Snapshot of an ancient sea floor
This amazing natural accumulation of fossils represents a small area, 'frozen in time', of an almost 200 million year old sea floor. It was found in Dorset in southern England. The spirally coiled objects are the fossil shells of four different species of ammonite, extinct relatives of the modern squid and octopus. Most are simple ribbed shells, called Promicroceras, each about a cm or two across. A few larger shells, called Asteroceras, are easy to recognise because they have a distinct ridge running around the edge of the shell. The very large shell is of a type called Xipheroceras, and there are also a few tiny, fat, smooth ammonites called Cymbites.
Scattered among these ammonite shells are several pieces of fossil wood, ancient driftwood that became waterlogged and sank to the sea floor. The empty shells of dead ammonites were drifted along the sea floor by gentle currents, coming to rest against this ancient logjam like a snowdrift against a hedge.
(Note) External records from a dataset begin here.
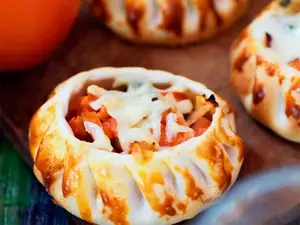 Canastita de salchicha y mostaza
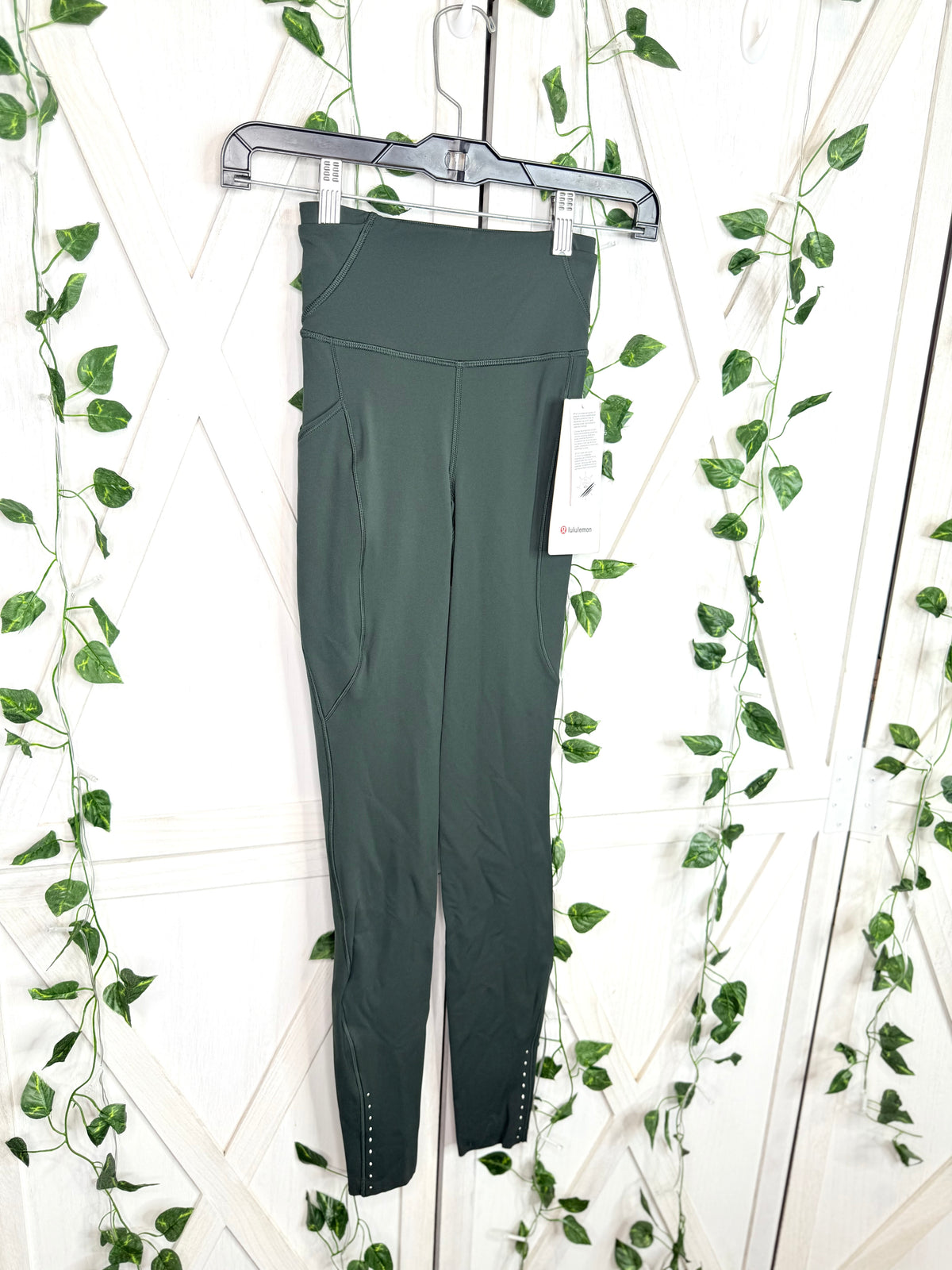 Fast and Free HR Tight 28” *Pockets *Size 0
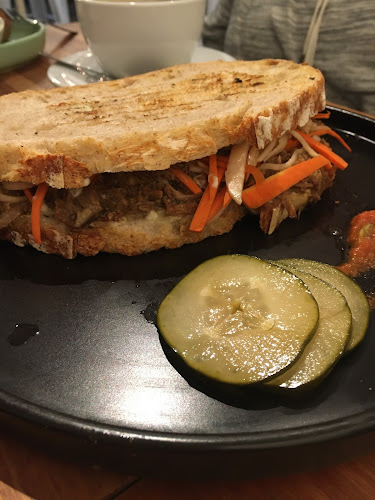 Comentarii opinii despre Café Cumpanis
Normally the weight of mud that slowly buried these remains would have soon crushed the hollow shells, but these are all beautifully preserved in 3-dimensions. As the shells were buried, they themselves acted as a focus for mineralising fluids to form a hard limestone concretion around the fossils while, at the same time, filling the shells with a mineral called calcite. This happened before the mud had accumulated deeply enough to crush the shells.
When this piece of ancient sea floor finally emerged from the Dorset cliffs, all that could be seen were a few pieces of fossil wood and the edges of some ammonites protruding from a hard limestone concretion. It took Andy Cowap, an expert fossil preparator, more than 300 hours of painstaking work, often with just a single needle, to pick away the limestone and reveal this remarkable fossil graveyard.